Report on “DIRAC & Rucio Workshop”- powering the distributed computing and data management for large science

In recent particle and nuclear physics experiments and cosmic ray observations, with the aim of discovering new physics beyond the Standard Model, detectors have become larger, more granularity, and higher-rate than ever before. As a result, the amount of data that must be handled continues to increase significantly. Nowadays, in order for experiments to be successful, it is essential to establish and efficiently operate a computational environment that processes data without interruption and continues to produce analysis results. Therefore, distributed computing environments are being used in a wide range of scientific fields, such as the Belle II experiment at KEK, the ATLAS and LHCb experiments at the European Organization for Nuclear Research (CERN), and even gamma-ray astronomy, the Cherenkov Telescope Array Observatory (CTAO).

Here, a distributed computing environment refers to a system in which computing resources operated at computer sites scattered around the world are connected via high-speed network and used as if they were a gigantic computer on a global scale. “Grid computing” is one of them. However, the systems operated at each computer site are diverse, ranging from small-scale clusters to large-scale batch systems, cloud computing, and HPC (High Performance Computers). In order to make these different computing resources interoperable, an interware called DIRAC was developed by LHCb experiment, and it has become possible to manage both jobs and data. Additionally, a distributed data management tool called Rucio, which centrally manages and uses data distributed across multiple computer sites, was also developed around ATLAS. The Belle II experiment employs both of these as basic tools.

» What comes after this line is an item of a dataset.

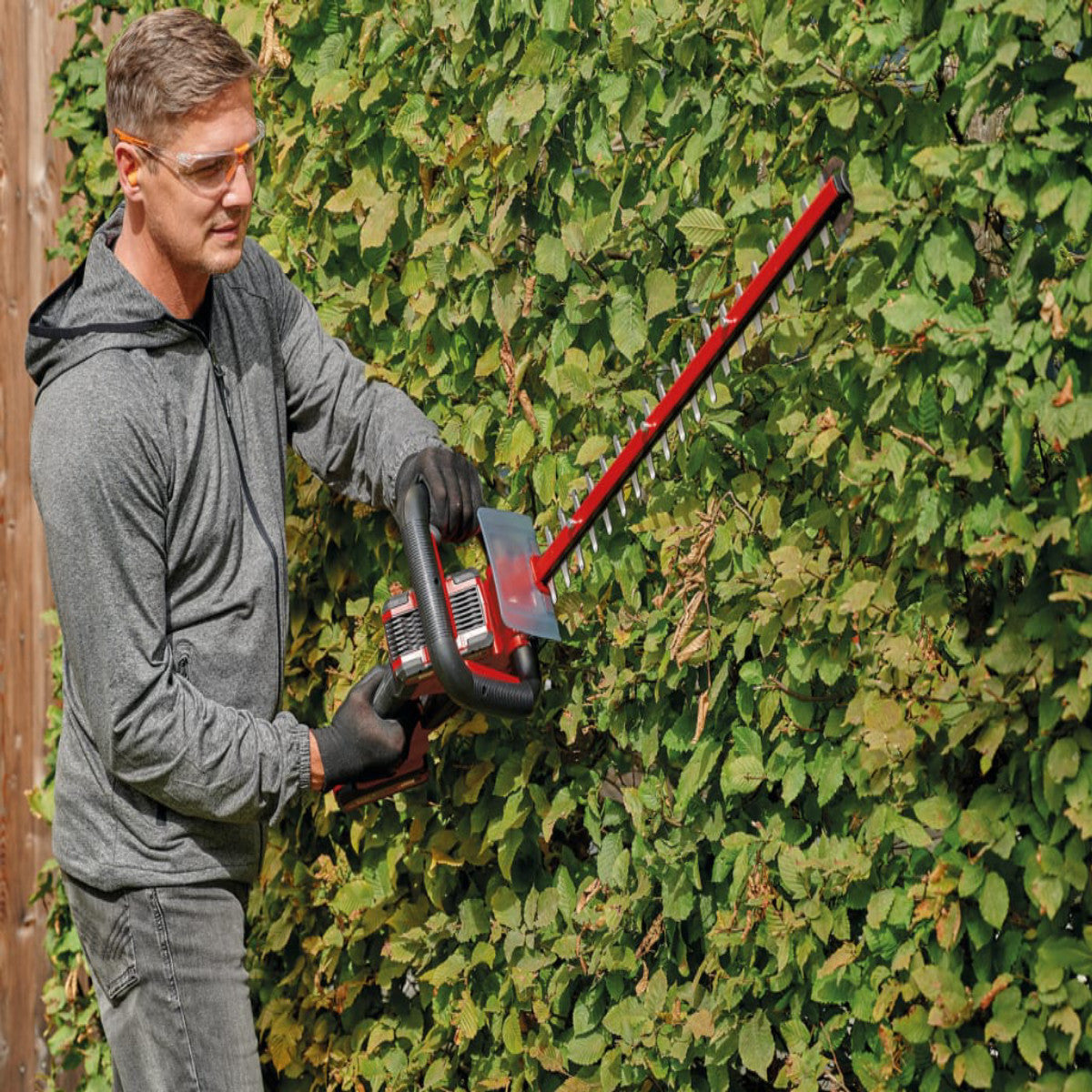 Einhell GE-CH 36/61 Li-Solo Power X-Change Hedge Trimmer 36V Bare Unit EINGECH3661N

From October 16th to 20th, the DIRAC and Rucio joint workshop was held at KEK , with a total of about 40 experts from the United States, Switzerland, France, the United Kingdom, Italy, Russia, Mexico, China, and Japan gathering. This will be the first time that the workshops, which have previously been held independently, will be held together. The aim is to realize a better distributed computing environment by sharing the technologies, experiences, and problems that each party has cultivated. The demand for distributed computing environments and distributed data management in various scientific fields is expected to grow even more in the future. This workshop served as a good opportunity for DIRAC and Rucio to go beyond the scope of particle and nuclear experiments and be applied in a wider range of scientific fields.